# Honda EU3000is questions.



## johndeerefarmer (Sep 28, 2017)

I currently use two Honda EU2000's to run my RV. I have a 15k a/c. I am interested in the EU3000is because it's electric start.
From what I have read the EU2000's actually produce over their rated wattage. Is the EU3000is similar?

I am wondering how well it will start a 15k a/c? What about in high heat or at higher elevations- 8-9000 feet?

I see that their is an aftermarket elec choke kit available. Anyone have any experience with it?

What about a remote? I see several companies sell them? Any better than others?

Thanks


----------



## Predator (Sep 19, 2017)

Roughly speaking.....

15,000 btu RV air conditioner needs -- 3500watts startup	1500watts Running (depending on it's efficiency)
Here's a handy power usage chart.....
http://www.ramsond.com/wattage-chart/

As you can see from the chart, the largest AC unit a single Honda eu2000i can start and run safely is 7,000btu
Anything bigger and it really pushed the little genny hard.

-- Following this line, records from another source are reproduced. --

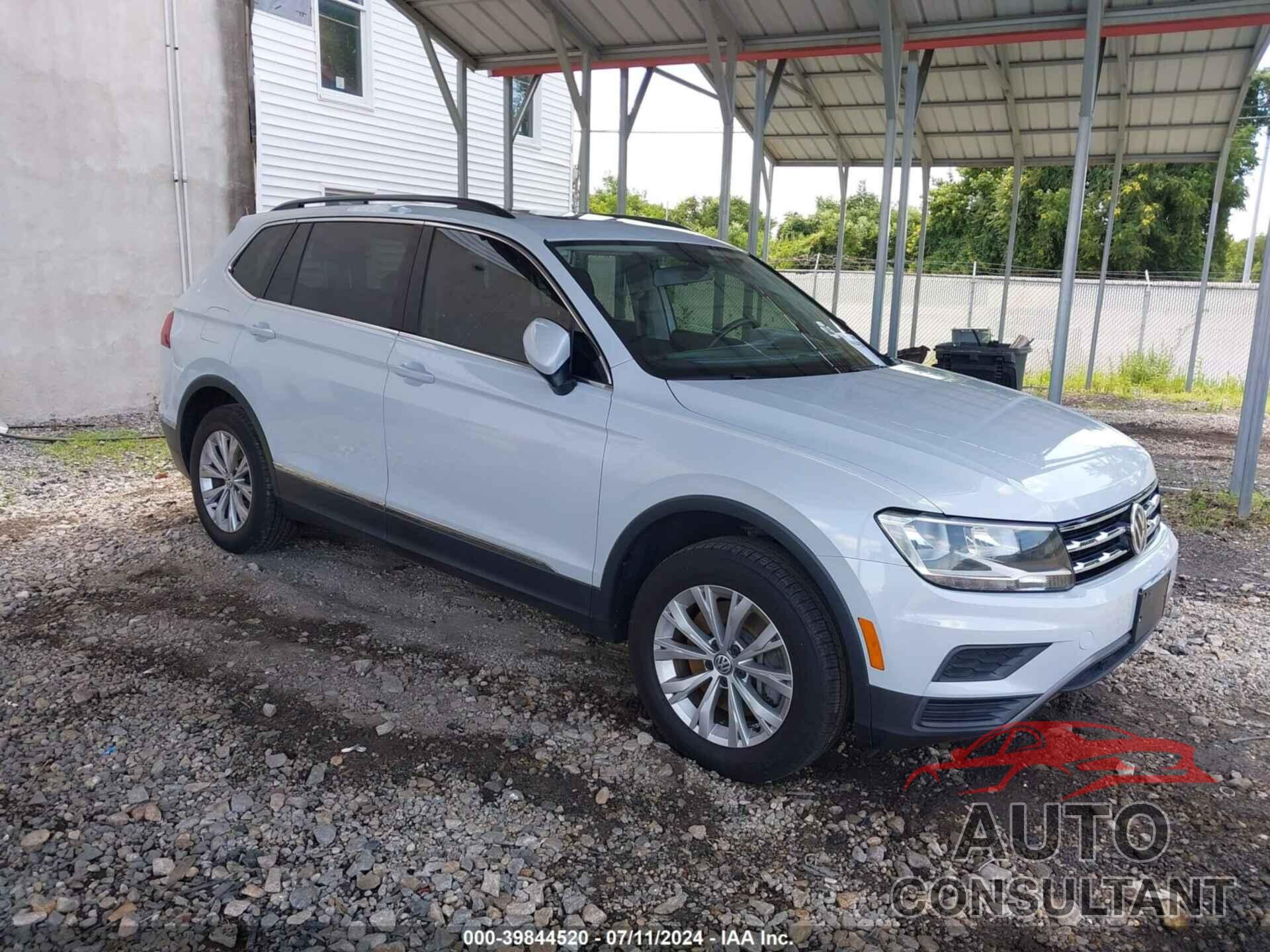 VOLKSWAGEN TIGUAN 2018 - 3VV2B7AX1JM100177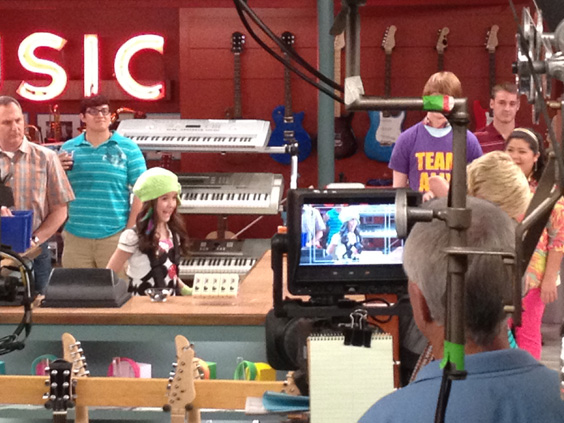 Austin and Ally, Partners and Parachutes, on Disney!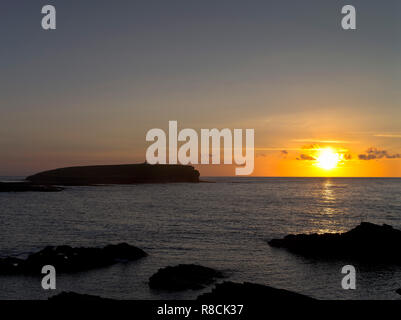 dh Brough of Birsay BIRSAY ORKNEY Sonnenuntergang über der Nordküste am Abend Meereslandschaft schottland Stockfoto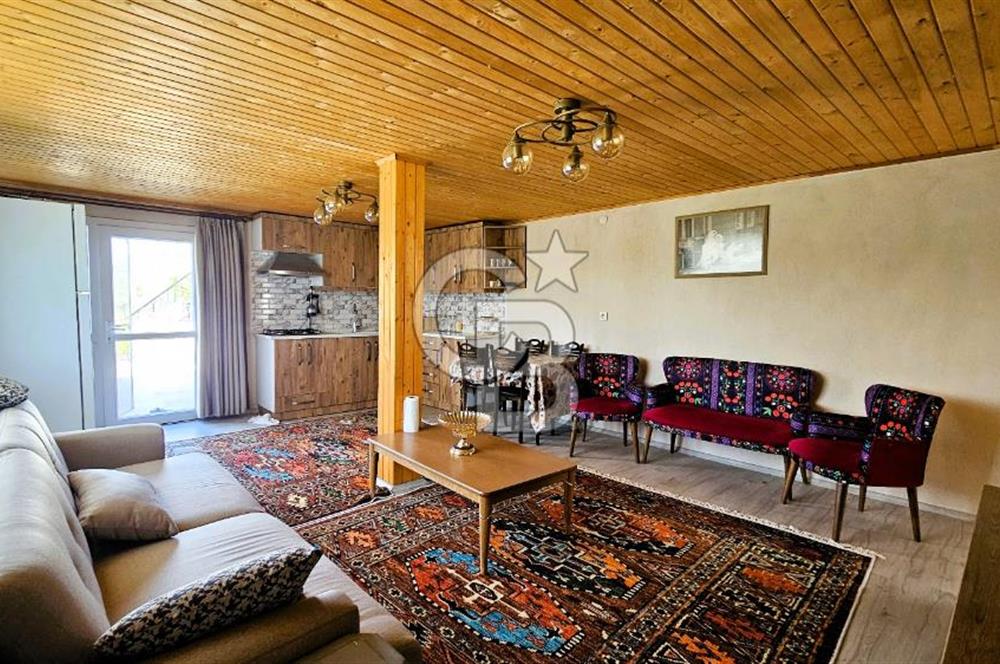 TORBALI ORMANKÖY'DE İÇİNDE 200 m2 EV OLAN SATILIK 7 DÖNÜM TARLA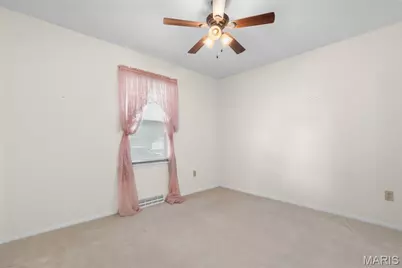 611 W Roosevelt Avenue, Union, MO 63084 - Photo 8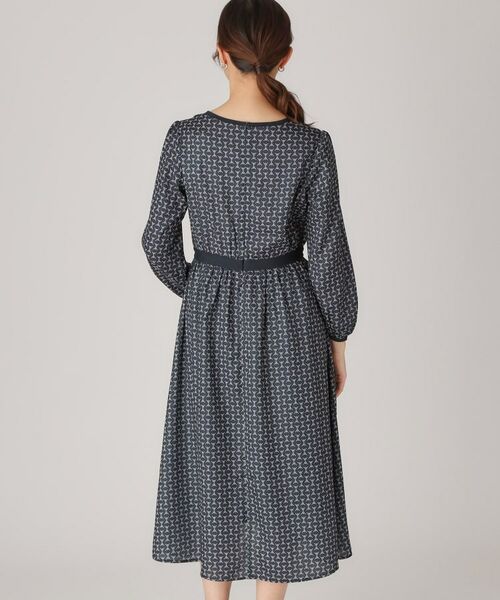 COUP DE CHANCE / クードシャンス ミニ丈・ひざ丈ワンピース | 【洗える】チェーン風プリント柄ワンピース | 詳細10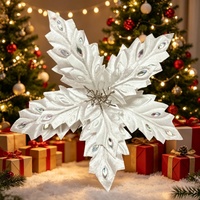 Moderne Weiße und Silberne Künstliche Weihnachtsblumen für Minimalistischen Feiertagsstil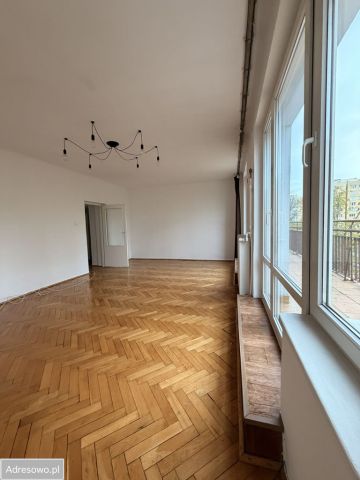 Mieszkanie 2-pokojowe Warszawa Saska Kępa, ul. Międzynarodowa. Zdjęcie 1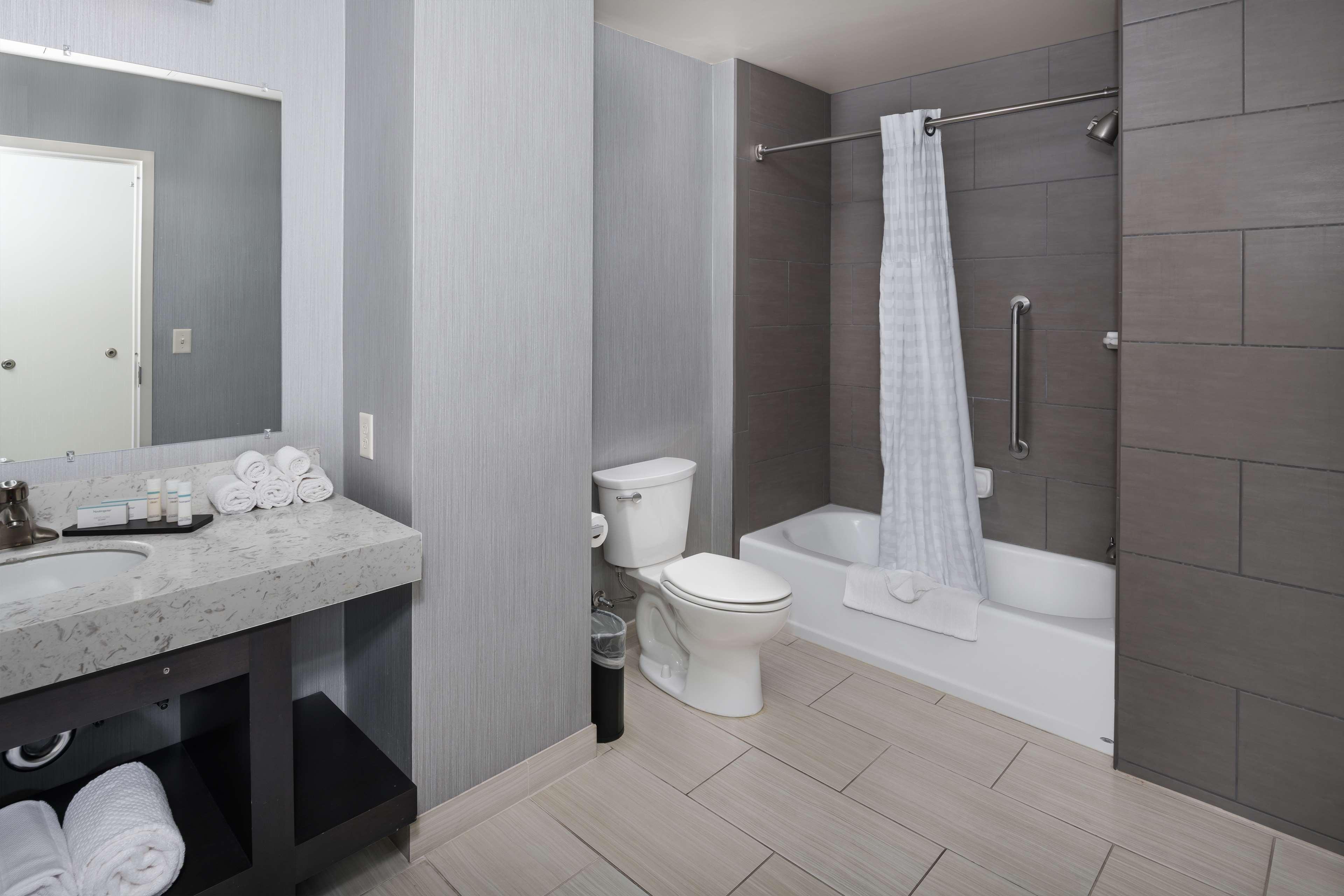 Hotel Embassy Portland/hillsboro Hillsboro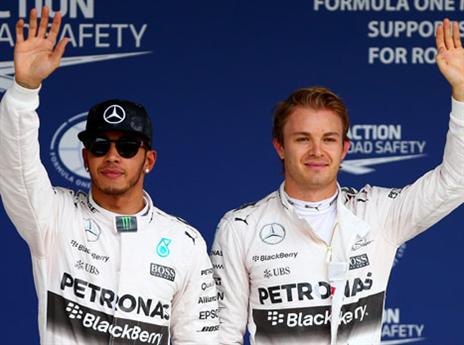 רוזברג והמילטון בסיום מקצה הדירוג (GETTY)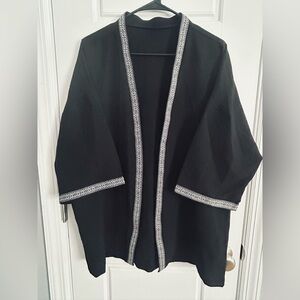 Manfinity Elegant Black Kimono with Silver Trim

So the 3000 might start it and run the 15000BTU AC (with no other load) but pushing the generators at close to their peak repeatedly or for extended periods is not good. Remember, the 15000btu AC will surge to 3500watts every time the compressor kicks in. Probably would be better to set the temp VERY low to just keep it running once started.

The two EU2000i's combined have more amperage and wattage available. I happen to also have a EU2000i and I've found it will go into overload right at it's rated surge limit of 2000watts. So even with the two EU2000i's you are pushing it close at startup.

If I were running THAT AC unit, I'd have at least a 3500watt unit (running watts) with a 4000 watt surge capability.

Think of it like this......

You "Could" ride two 250lb people on a 50cc scooter......but you'd be overworking it and it wouldn't last long.


----------